"You look very fit, Uncle," said Hugo.
Mr. Carmody's reply to this was to make a noise like a buffalo pulling its foot out of a swamp. It might have been intended to be genial, or it might not. Hugo could not tell. However, he was a reasonable young man, and he quite understood that it would be foolish to expect the milk of human kindness instantly to come gushing like a geyser out of a two-hundred-and-twenty-pound uncle who had just been doing bending and stretching exercises. He must be patient and suave—the Sympathetic Nephew.
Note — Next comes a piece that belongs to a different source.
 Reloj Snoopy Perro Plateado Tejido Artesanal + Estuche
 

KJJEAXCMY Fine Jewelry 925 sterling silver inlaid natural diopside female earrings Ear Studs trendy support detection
"I expect it's been pretty tough going, though," he proceeded. "I mean to say, all these exercises and cold showers and lean chops and so forth. Terribly trying. Very upsetting. A great ordeal. I think it's wonderful the way you've stuck it out. Simply wonderful. It's Character that does it. That's what it is. Character. Many men would have chucked the whole thing up in the first two days."
"So would I," said Mr. Carmody, "only that damned doctor made me give him a cheque in advance for the whole course."
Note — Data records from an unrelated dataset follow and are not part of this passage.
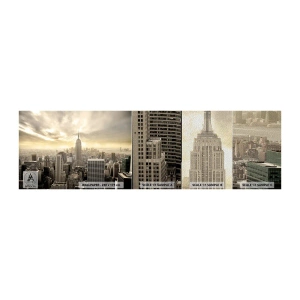 Fotobehang Monster Premium Sand - New York geweven van grijs - Stad, New York, Manhattan - 100x30 cm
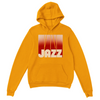 Hoodie Jazz Music, confortável e estiloso, feito de mistura de algodão e poliéster, com capuz forrado, bolso frontal e punhos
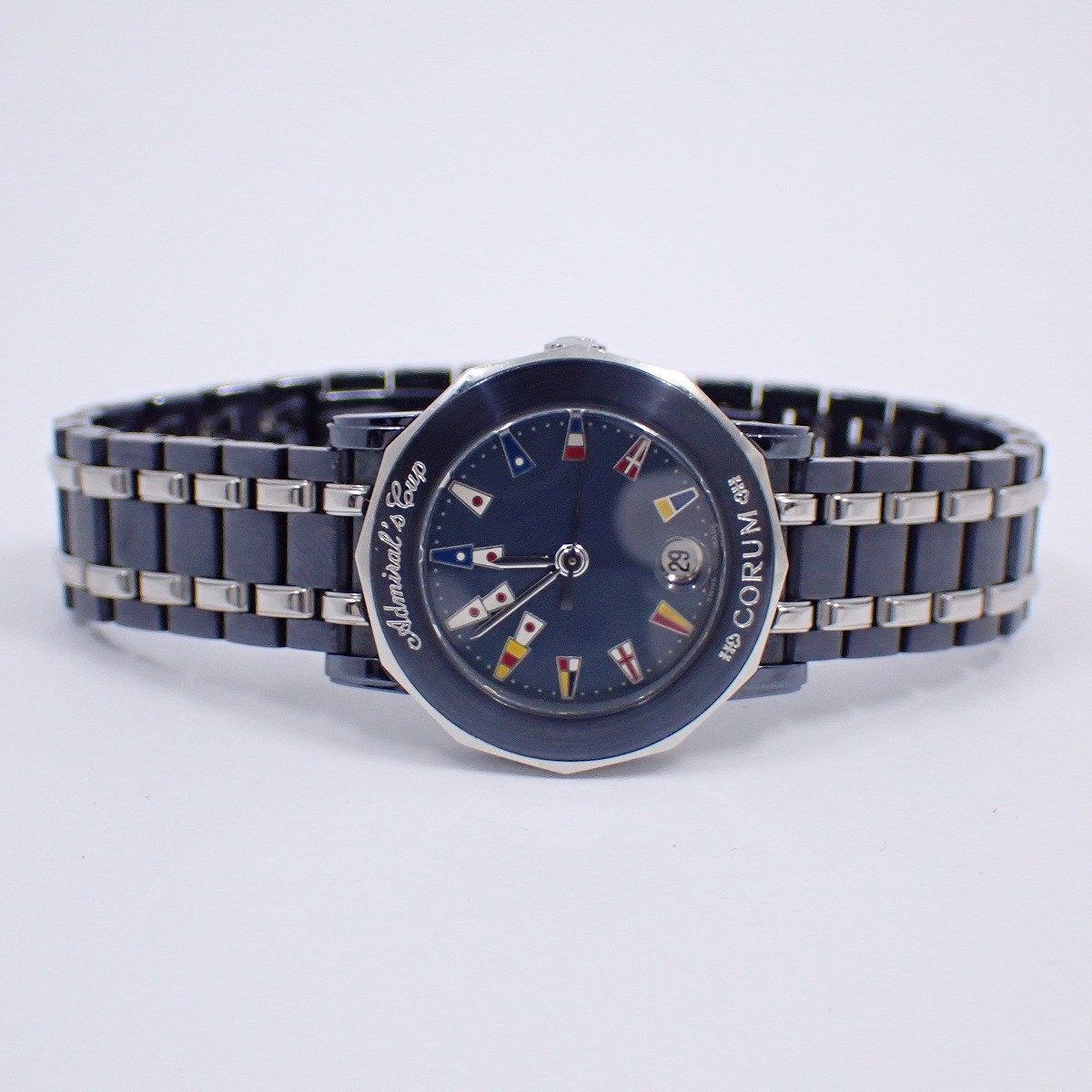 コルム アドミラルズカップ クォーツ レディース 腕時計 ガンブルー×SS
Hugo felt damped. He had had some good things to say about Character, and it seemed little use producing them now.
"Well, anyway, you look very fit. Very fit indeed. Frightfully fit. Remarkably fit. Extraordinarily fit." He paused. This was getting him nowhere. He decided to leap straight to the point at issue. To put his fortune to the test, to win or lose it all. "I say, Uncle Lester, what I really came about this afternoon was a matter of business."
"Indeed? I supposed you had come merely to babble. What business?"
"You know a friend of mine named Fish?"
"I do not know a friend of yours named Fish."
"Well, he's a friend of mine. His name's Fish. Ronnie Fish."